In recent years, carbon-based materials are considered to be an alternative to Pt as electrocatalysts toward ORR, owing to its excellent catalytic activity, great stability, and good tolerates towards the methanol crossover effect. It is found that doping heteroatoms in carbon materials can effectively improve the catalytic performance and stability, especially nitrogen doped carbon materials. Previous studies demonstrate that the doped-nitrogen atom would change the charge distribution of carbon, therefore more favorable for chemisorption of oxygen molecule[8]. And thus, N-doped carbon can effectively weaken the O–O bonding followed by a 4-electron pathway reducing oxygen to OH- in alkaline electrolyte[9]. Generally, among various chemical states of N atoms, the pyridinicand graphitic-N contents have been considered as the most effective contribution to the ORR activity[10].
In this work, we present a nitrogen-doped carbon material derived from nitrogen-rich organic molecules glycoluril.

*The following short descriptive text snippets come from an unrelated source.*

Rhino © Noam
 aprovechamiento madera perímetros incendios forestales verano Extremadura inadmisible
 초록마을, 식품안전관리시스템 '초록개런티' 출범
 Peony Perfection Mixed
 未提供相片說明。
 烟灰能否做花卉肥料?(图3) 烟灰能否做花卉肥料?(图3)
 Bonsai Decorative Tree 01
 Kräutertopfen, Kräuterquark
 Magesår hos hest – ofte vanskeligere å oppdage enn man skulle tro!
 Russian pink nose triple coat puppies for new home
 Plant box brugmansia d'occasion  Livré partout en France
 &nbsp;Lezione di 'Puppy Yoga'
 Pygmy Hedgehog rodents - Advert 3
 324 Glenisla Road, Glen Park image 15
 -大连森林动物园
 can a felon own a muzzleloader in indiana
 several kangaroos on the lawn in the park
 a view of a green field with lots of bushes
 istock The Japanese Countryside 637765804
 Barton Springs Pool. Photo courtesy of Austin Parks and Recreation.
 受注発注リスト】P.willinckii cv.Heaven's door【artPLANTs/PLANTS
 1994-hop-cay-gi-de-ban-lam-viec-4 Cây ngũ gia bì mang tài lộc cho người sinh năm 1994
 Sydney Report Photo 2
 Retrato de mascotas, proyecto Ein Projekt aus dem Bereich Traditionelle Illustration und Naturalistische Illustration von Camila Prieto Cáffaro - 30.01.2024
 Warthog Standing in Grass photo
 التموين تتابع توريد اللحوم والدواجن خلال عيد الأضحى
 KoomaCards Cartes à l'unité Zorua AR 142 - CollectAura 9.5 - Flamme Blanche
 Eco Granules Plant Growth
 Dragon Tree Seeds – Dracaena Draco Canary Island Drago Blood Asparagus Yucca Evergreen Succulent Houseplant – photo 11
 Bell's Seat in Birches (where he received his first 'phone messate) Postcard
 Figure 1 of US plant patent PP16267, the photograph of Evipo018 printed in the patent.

The obtained catalyst not only exhibits efficient electrocatalytic performance under alkaline conditions, but also shows excellent long-term stability and great tolerates toward the methanol crossover effect.
2. EXPERIMENTAL
2.1 Chemicals and synthesis procedure
Glycoluril (99.9%, AR) was purchased from Adamas Reagent, Ltd. (China). Commercial Pt/C (20 wt.% metal) was purchased from Sigma-Aldrich. All reagents were commercially available and used without future purification. The nitrogen-doped carbon (NC) was obtained by pyrolysis glycoluril under nitrogen. 0.5 g glycoluril was placed in a tube furnace, maintained at 900 ℃ for 3 hours under N2 atmosphere with a heating rate of 5 ℃·min-1, and then naturally cooled to room temperature.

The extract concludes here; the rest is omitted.